La bonne entreprise : nos attentes individuelles et collectives
Quelle est, pour moi, la bonne entreprise ?
Trouver la bonne entreprise permet de s’y épanouir, certes, mais qu’est-ce que « la bonne entreprise » ? Le sujet est épineux… Pour creuser la question, nous avons rencontré Gilles Reeb, fondateur de Uzful, qui a l’habitude d’accompagner les entreprises dans leurs engagements. Pour l’entrepreneur, la définition de ce que peut être une bonne entreprise diffère d’un candidat à l’autre : « La bonne entreprise, pour un candidat, c’est avant tout une entreprise alignée sur ses valeurs à lui, une entreprise dont la mission va résonner pour lui ».

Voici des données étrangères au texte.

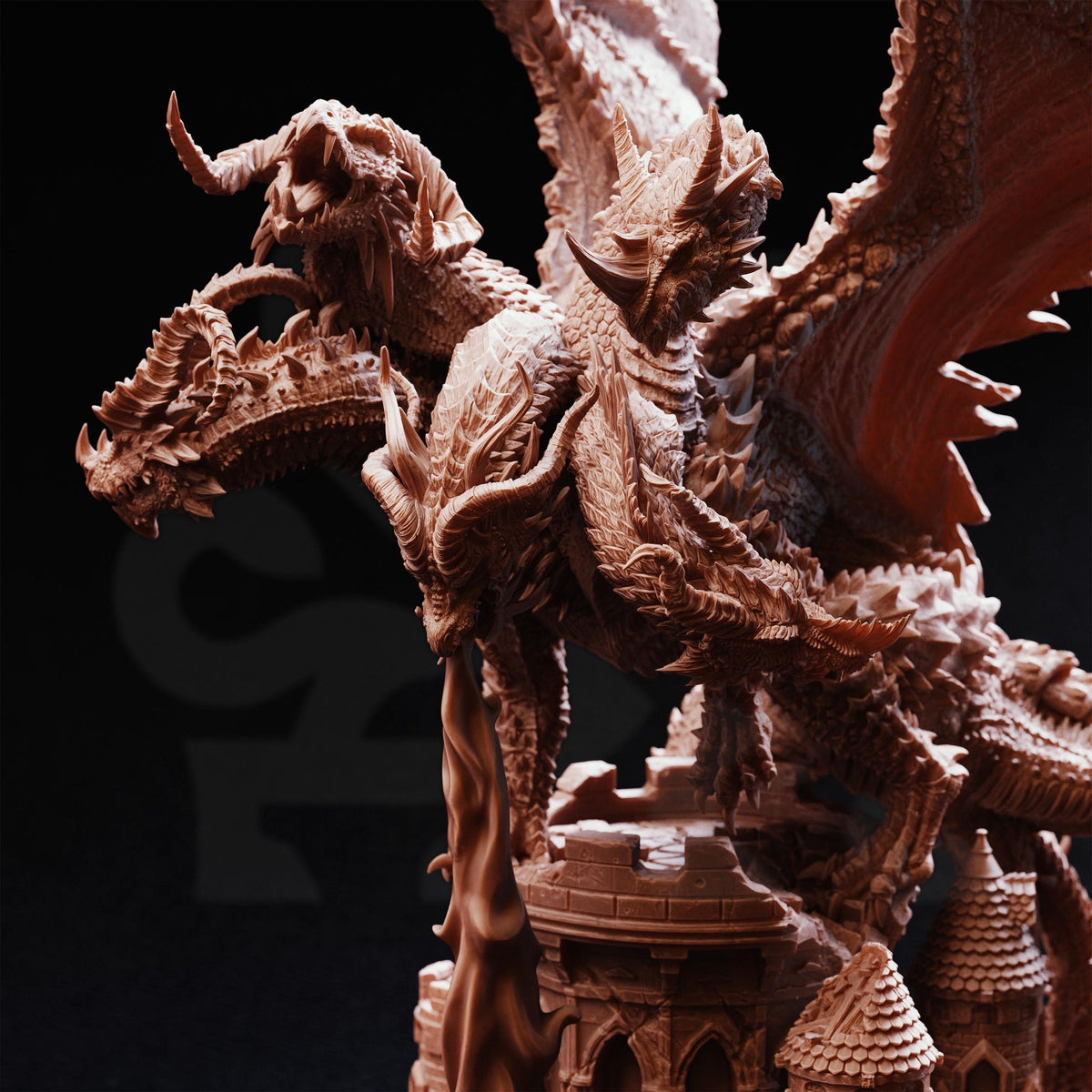Pentelia, Mother of Dragons Miniature: 5-Headed Resin Boss, 32mm Scale
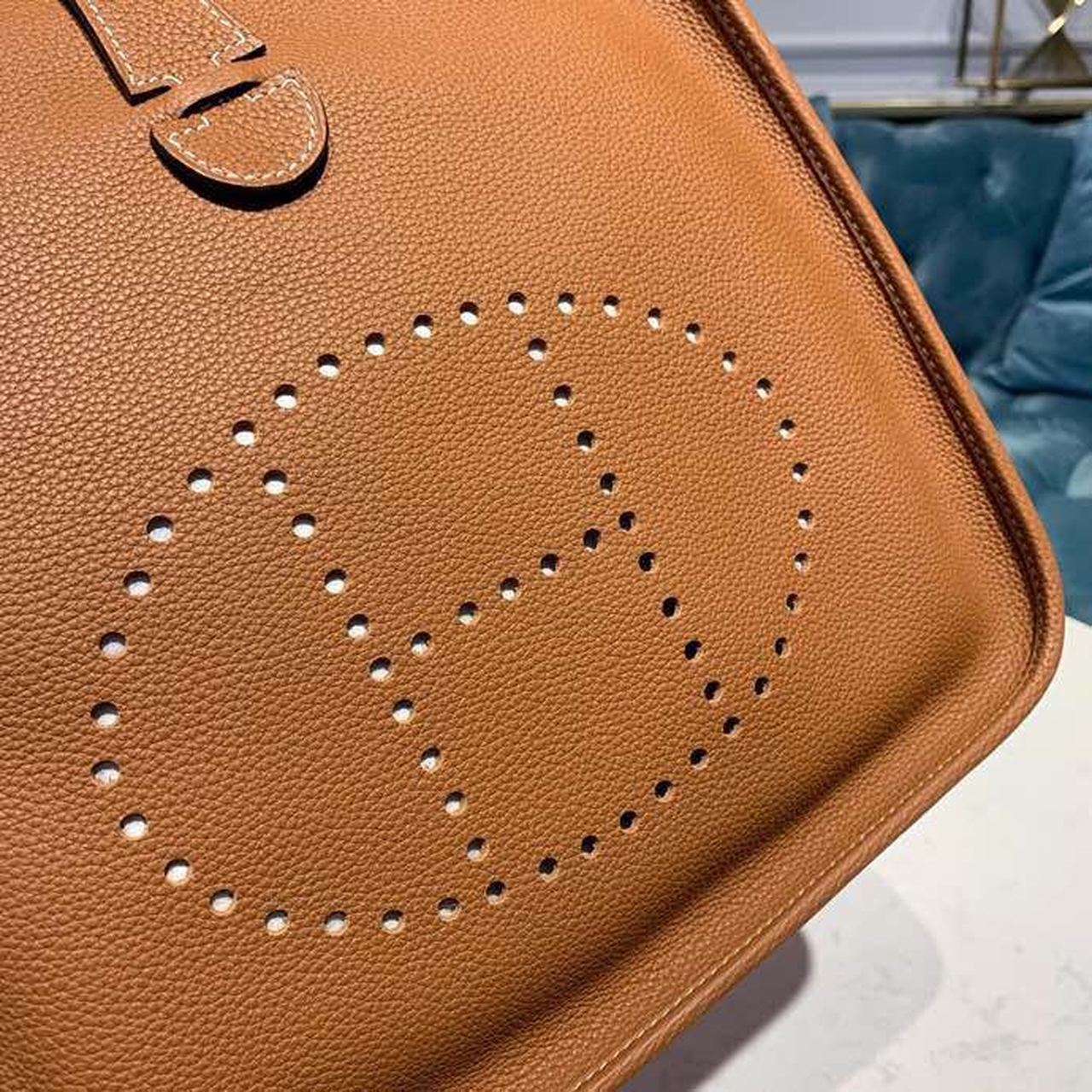 1:1 Replica Hermes Evelyne III 29 Bag Brown With Silver-Toned Hardware For Women, Women's Shoulder And Crossbody Bags 11.4in/29cm H073599CC37 - Image 7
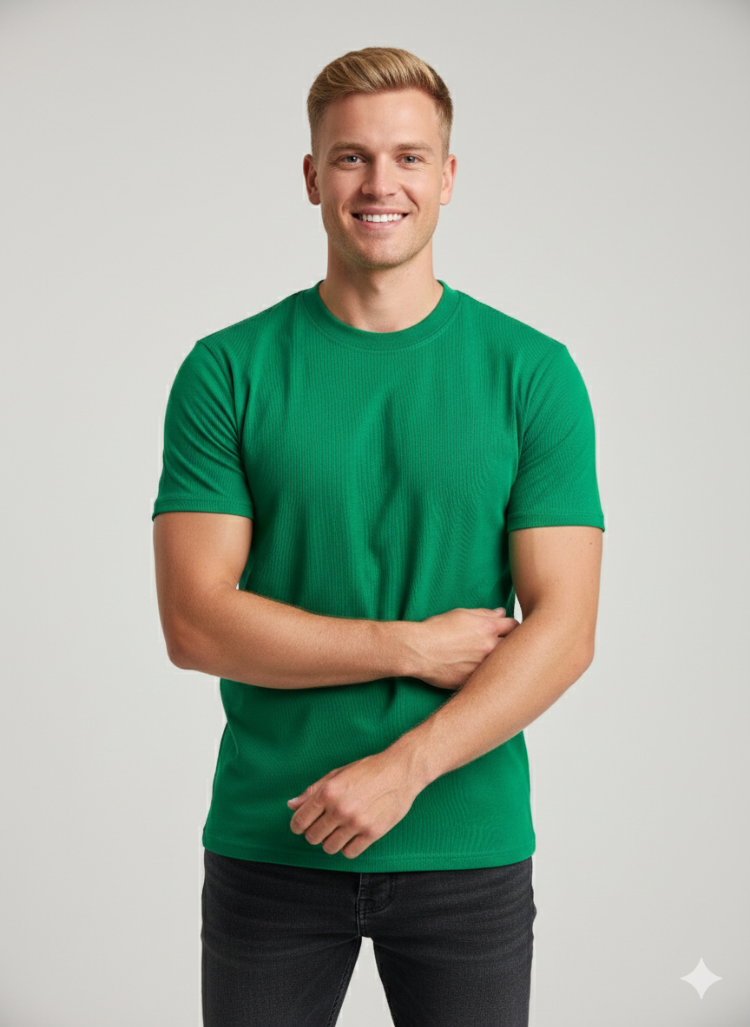 Premium Heavy Unisex Benetton Yeşili Basic Tişört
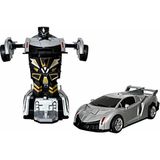 Robot Araba Oyuncak – Transform Araba ve Robota Dönüşen Gri Sürtmeli Robotik Araba Modeli - Gri - Kırmızı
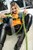 blonde girl makes lether pants hoodie completely wet wetfoto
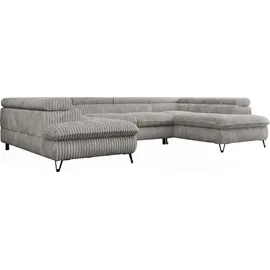 MKS Meble Ecksofa U-form Cord 3-Sitzer Hellgrau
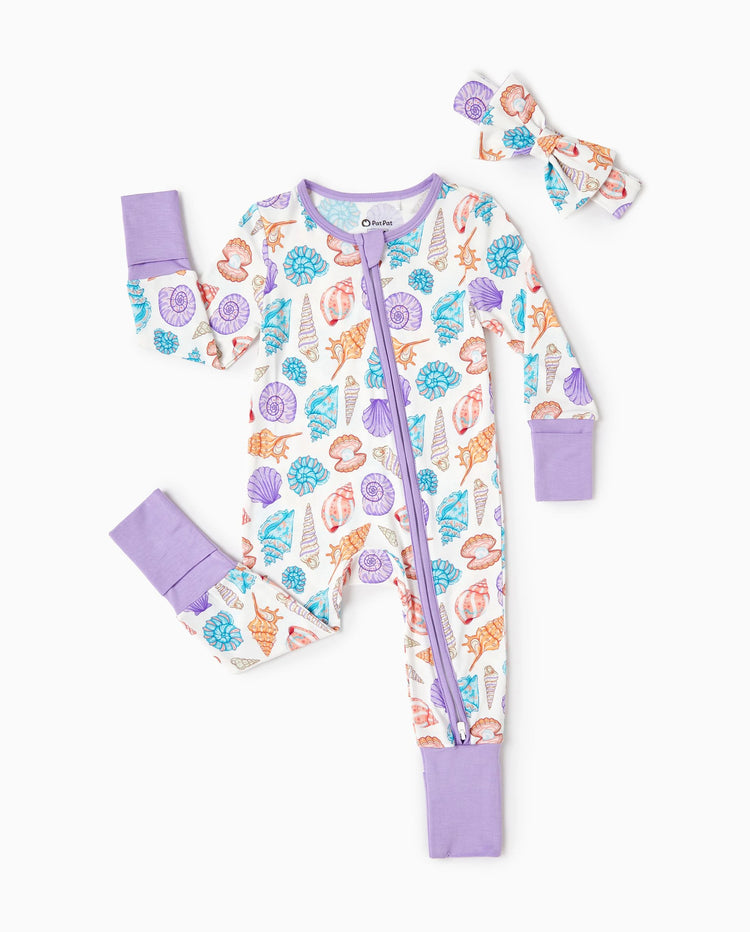 Bamboo Baby Girl Elegant Printed 2-Way Zip Onesies Anti-Rutsch-Langarm-Footie mit Haarband Lila
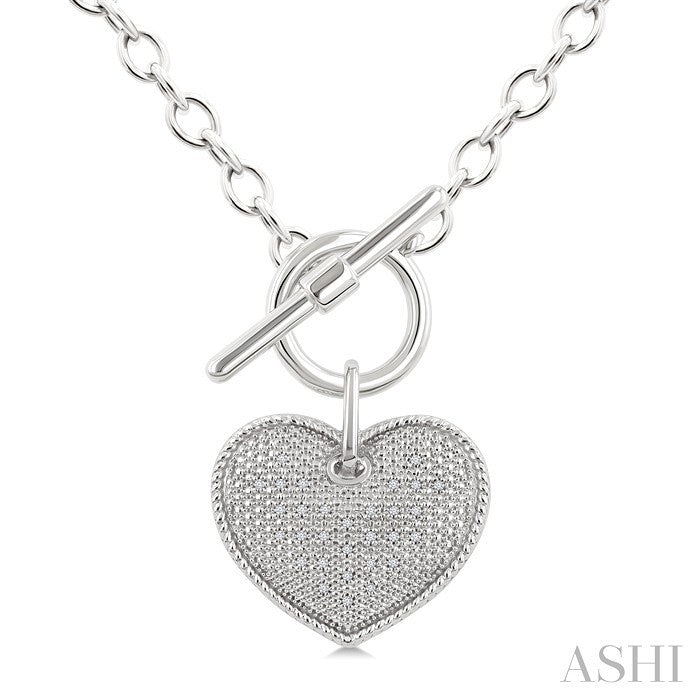 1/10 Ctw Heart Toggle Round Cut Diamond Fashion Necklace in Sterling Silver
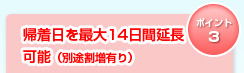 帰着日を最大14日間延長可能（別途割増あり）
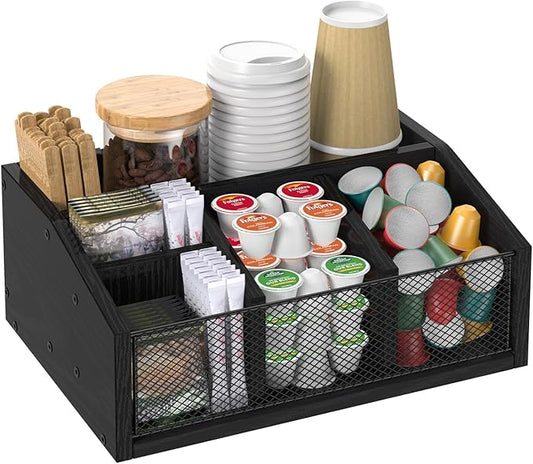 Coffee Station Organizer, Coffee Bar Organizer for Countertop, Coffee and Tea Condiment Storage Organizer, 5 Compartments Coffee Bar Accessories and Organizer, Black, Wooden (Black)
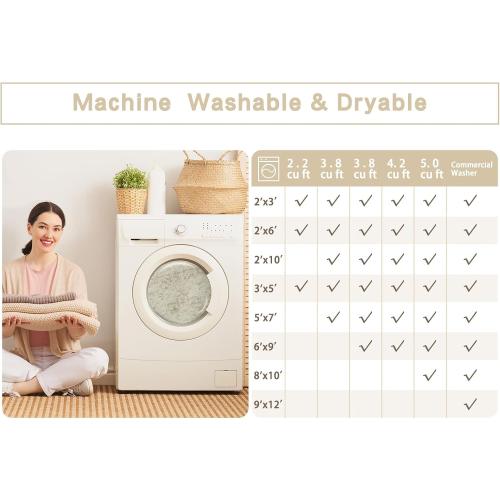 Srugn Washable Rugs 9x12 Area Rugs for Living Room,Rugs for Bedroom, Large Carpets,Ultra Soft Faux Wool Retro Dining Room Rug,Non Slip&Non-Shedding Low Pile Vintage Print Rug Indoor for Home Office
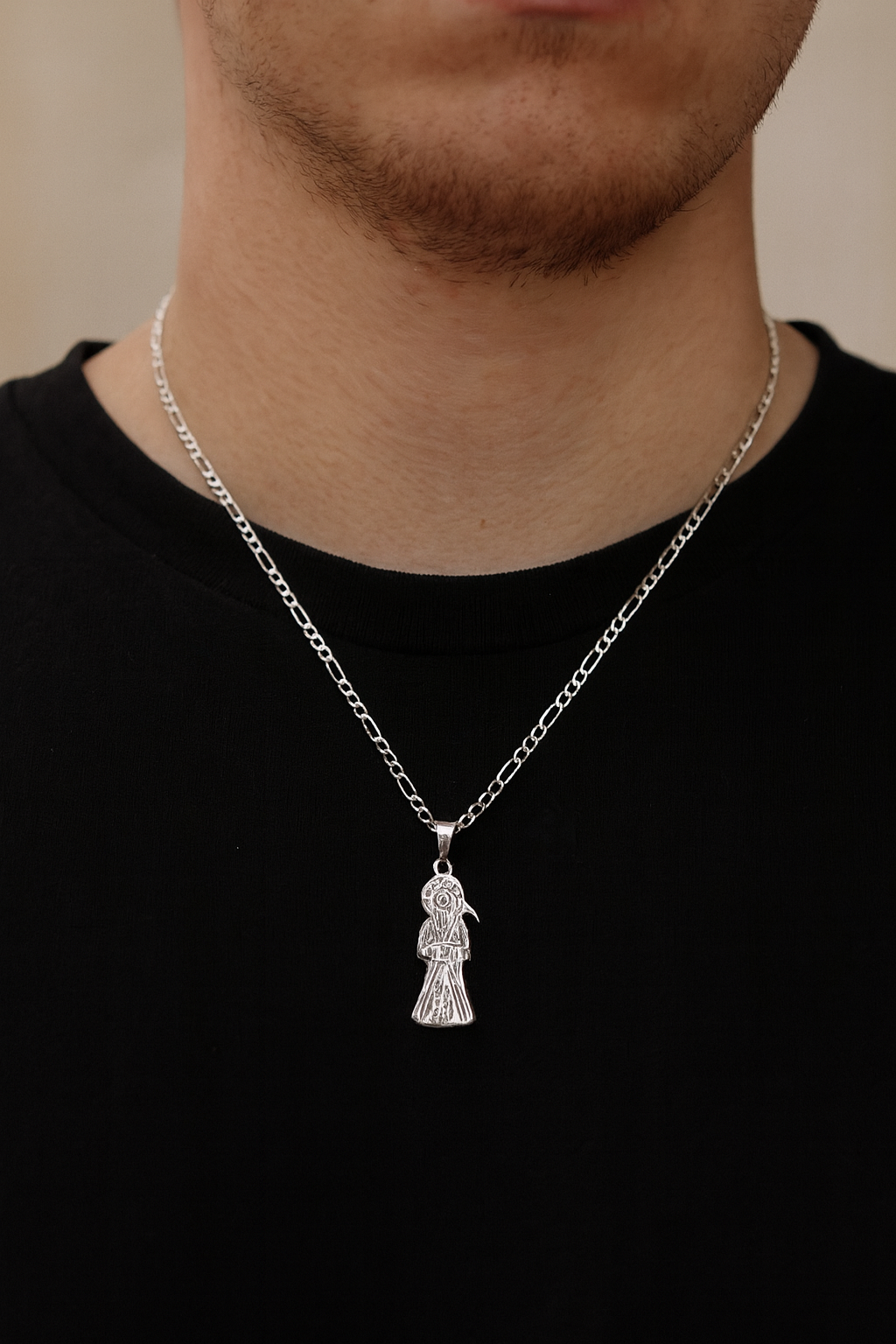 Dije Santa Muerte + Cadena En Plata .925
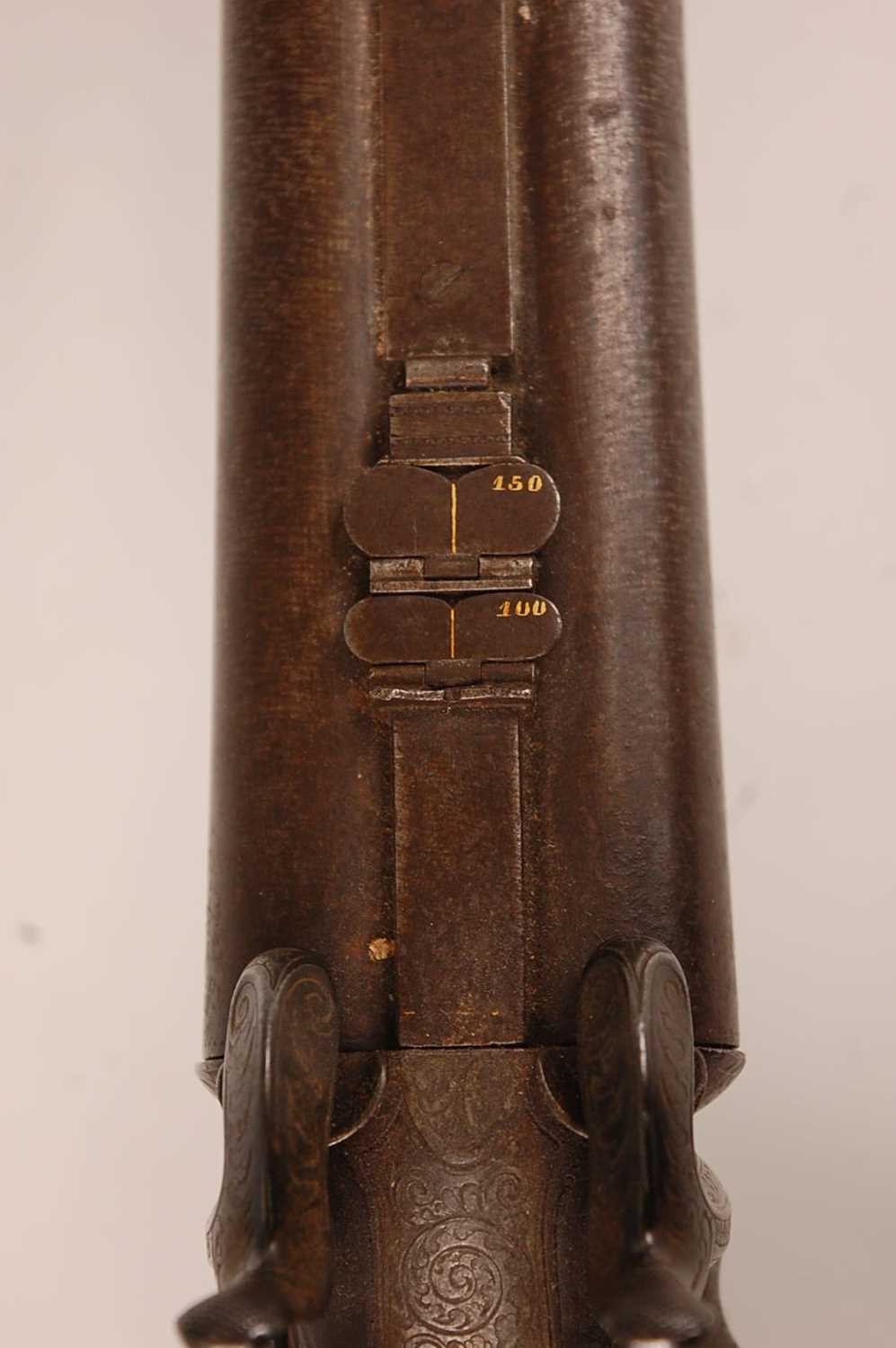 A 19th century side by side percussion sporting rifle, the 64cm barrels marked to the spine - Image 6 of 11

Il ne s’agit pas alors de rechercher une entreprise avec des valeurs - toutes les entreprises peuvent en avoir -, mais de cibler une entreprise dont les valeurs nous parlent (protection de l’environnement, justice sociale, défense d’une économie locale, aide à la création d’emplois, protection des plus fragiles…), avec une mission qui entre en résonnance avec notre vision d’un « monde meilleur » et la manière dont on veut y contribuer !
L’importance grandissante de l’engagement des entreprises
Nos attentes collectives envers les entreprises seraient de plus en plus grandes. Selon une étude de l’IFOP réalisée en 2019 à la demande de l’Institut du Capitalisme Responsable, nous serions plus de 95 % à attendre des entreprises qu’elles s’engagent pour répondre aux enjeux de société ! Les principaux sujets jugés importants étant l’environnement et la cohésion sociale.
Et ce n’est pas uniquement en tant que consommateurs que ces sujets nous touchent : les citoyens souhaitent que leurs employeurs s’engagent davantage. Cette tendance est particulièrement visible chez la jeune génération. Selon une étude de Jam Trends publiée en février 2020, 92% des 15-25 ans souhaiteraient rejoindre une entreprise en accord avec leurs valeurs et investie au niveau social et environnemental. Selon cette même étude, plus de 80% de cette génération prendrait d’ailleurs le temps de se renseigner sur la culture de l’entreprise avant d’y candidater !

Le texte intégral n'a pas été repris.